▶ _DATA EXCERPT_
········
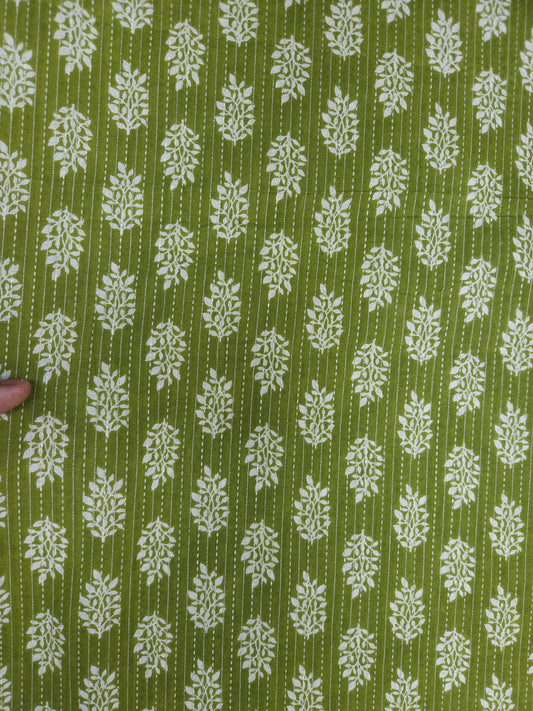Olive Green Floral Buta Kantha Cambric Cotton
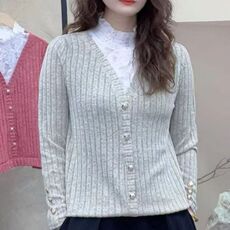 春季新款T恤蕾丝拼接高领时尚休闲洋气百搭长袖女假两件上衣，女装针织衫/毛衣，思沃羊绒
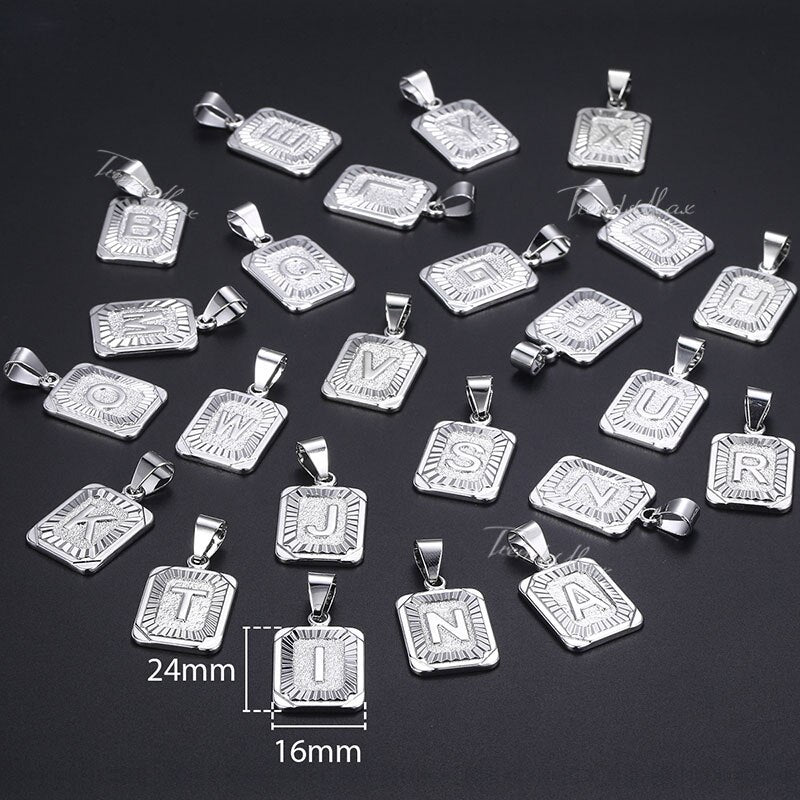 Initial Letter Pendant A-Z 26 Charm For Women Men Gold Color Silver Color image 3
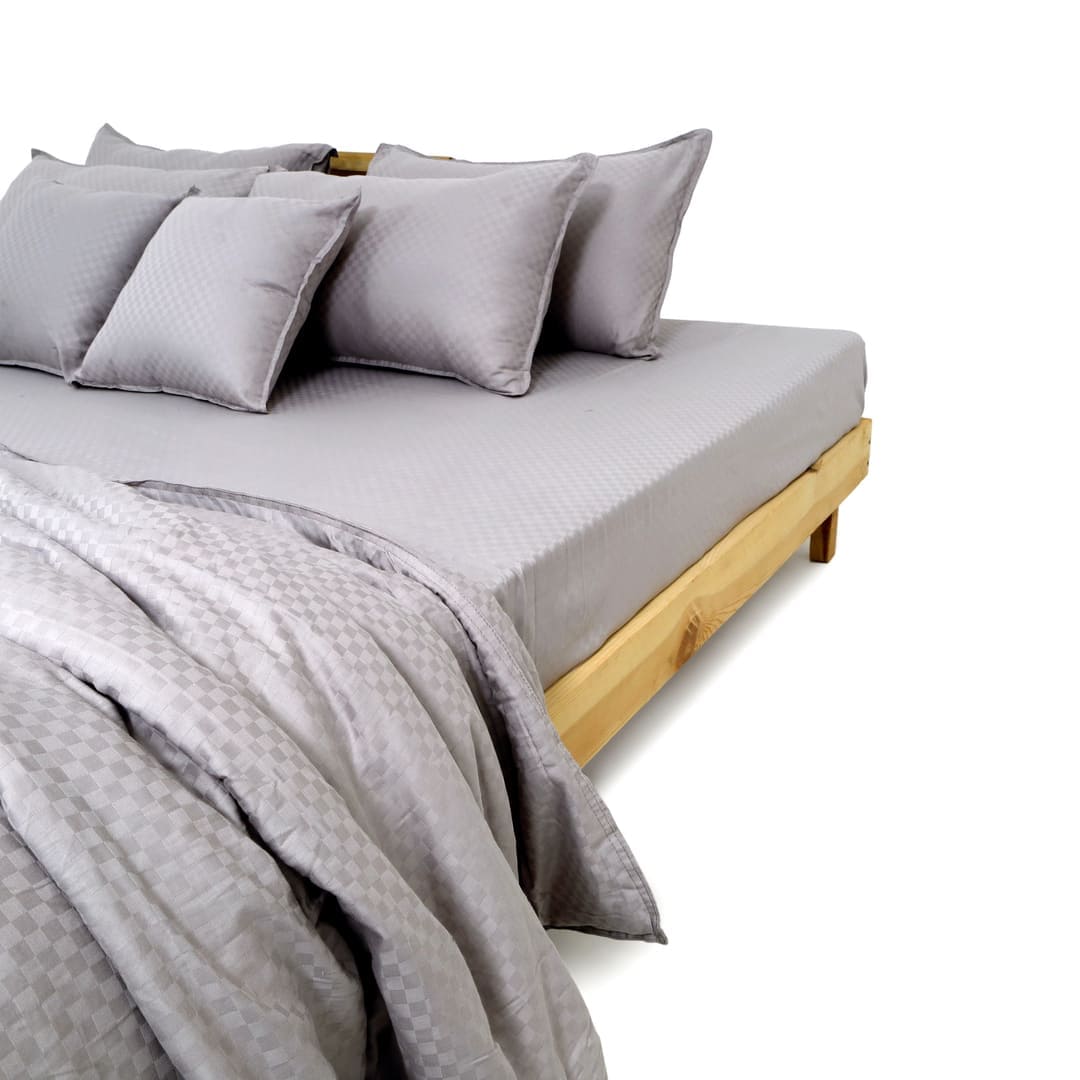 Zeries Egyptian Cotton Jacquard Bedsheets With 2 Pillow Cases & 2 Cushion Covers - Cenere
········
▶ _EXERCISE REQUIREMENTS_
Output the span from the line with "春季新款T恤蕾丝拼接高领时尚" through the last line of the data, inclusive and exact, and omit every picture.

▶ _EXERCISE ANSWER_
 春季新款T恤蕾丝拼接高领时尚休闲洋气百搭长袖女假两件上衣，女装针织衫/毛衣，思沃羊绒
 Initial Letter Pendant A-Z 26 Charm For Women Men Gold Color Silver Color image 3
 Zeries Egyptian Cotton Jacquard Bedsheets With 2 Pillow Cases & 2 Cushion Covers - Cenere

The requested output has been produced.